İkincisi, diğer jeopolitik güçlerle ittifakta olup, Rusya’yı zararsızlaştırabilir. Bunun da geleceği belli değil. Çünkü Kremlin’i destekleyen büyük devletler var. Örneğin, Çin. Pekin yeterli etkiye sahiptir. Bununla birlikte, bugün herhangi bir büyük devleti tecrit etmek çok zordur. Rusya ise çok güçlü askeri potansiyeli olan devlettir.
Üçüncüsü, Rusya ile birlikte gelişme modelini hazırlayabilir. Bu, ABD-Çin iş birliği için öngörülen ”G2” formatına benziyor. Kabul edilir ki, son senaryo AB’nin çıkarlarına daha fazla cevap verir. Fakat burada da Kırım ve Ukrayna’nın doğu eyaletlerindeki durumu dikkate almak gerekir. Bu koşullarda Avrupa, Rusya ile jeopolitik ittifak kurabilir mi? Tabii ki, böylece ilkelerine aykırı tutum almış olur. Dolayısıyla son senaryo da şimdilik gerçekçi değildir.
Yukarıda belirtilen hususlara Avrupa genelinde göç ve milliyetçilik sorunlarının gittikçe keskinleşmesi de ilave edilebilir. Sır değil ki, son yıllarda örgüte üye devletlerde milliyetçilik radikal bir içerik almıştır. Bu da, genel olarak hem iç politikada zorluklar yaratır, hem de Brüksel’in ortak dış politika yürütme imkânlarını olumsuz etkiler. Bölücülük güçlendiği (örneğin Bask bölgesi ve İskoçların etkinliği arttığı) takdirde, AB’nin nasıl bir duruma düşeceğini söylemek zordur.

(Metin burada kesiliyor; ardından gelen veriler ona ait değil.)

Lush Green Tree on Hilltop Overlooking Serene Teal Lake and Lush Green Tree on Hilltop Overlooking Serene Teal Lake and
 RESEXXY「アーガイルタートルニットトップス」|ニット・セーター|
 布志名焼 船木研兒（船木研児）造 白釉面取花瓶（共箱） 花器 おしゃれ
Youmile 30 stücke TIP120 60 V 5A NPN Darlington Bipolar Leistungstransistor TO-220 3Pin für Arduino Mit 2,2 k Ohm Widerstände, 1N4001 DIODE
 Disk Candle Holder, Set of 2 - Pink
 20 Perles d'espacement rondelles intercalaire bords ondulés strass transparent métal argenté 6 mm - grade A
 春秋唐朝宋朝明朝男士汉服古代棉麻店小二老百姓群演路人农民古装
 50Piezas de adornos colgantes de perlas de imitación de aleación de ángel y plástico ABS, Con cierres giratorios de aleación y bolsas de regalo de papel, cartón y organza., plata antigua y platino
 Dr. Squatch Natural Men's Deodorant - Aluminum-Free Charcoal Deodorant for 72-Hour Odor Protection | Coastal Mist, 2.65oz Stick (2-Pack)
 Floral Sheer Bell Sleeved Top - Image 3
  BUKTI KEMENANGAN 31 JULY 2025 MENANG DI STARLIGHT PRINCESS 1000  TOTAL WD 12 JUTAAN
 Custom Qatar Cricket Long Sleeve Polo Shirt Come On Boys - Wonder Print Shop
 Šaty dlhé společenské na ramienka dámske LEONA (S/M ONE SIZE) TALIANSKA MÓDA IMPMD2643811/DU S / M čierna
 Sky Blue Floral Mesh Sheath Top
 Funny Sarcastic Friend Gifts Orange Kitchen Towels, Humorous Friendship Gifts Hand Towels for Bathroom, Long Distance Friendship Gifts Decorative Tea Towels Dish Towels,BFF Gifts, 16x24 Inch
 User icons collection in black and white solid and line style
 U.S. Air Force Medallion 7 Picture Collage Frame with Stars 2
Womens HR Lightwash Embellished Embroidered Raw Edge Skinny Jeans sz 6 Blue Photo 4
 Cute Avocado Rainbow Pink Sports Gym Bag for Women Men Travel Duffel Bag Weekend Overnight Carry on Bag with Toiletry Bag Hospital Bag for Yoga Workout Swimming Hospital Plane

Öyle anlaşılıyor ki, bir zamanlar tüm dünya için örnek olan AB ciddi problemlerle yüzleşmektedir. Onun iç ve dış politikasında belirsiz konuların sayısı artıyor. Bunun küresel ölçekte yan etkilerinin olması mümkündür. Oluşan durumda AB’nin jeopolitik güç olarak ne gibi adımlar atacağı belirleyicidir. Brüksel, şimdilik bu yönde net bir tutumda değildir. Görünür ki, Amerika’nın etkisinden halen çıkamamıştır. Mali-ekonomik kriz, işsizlik, Avro’nun karşılaştığı zorluklar ve diğer konular AB’nin elini kolunu bağlıyor.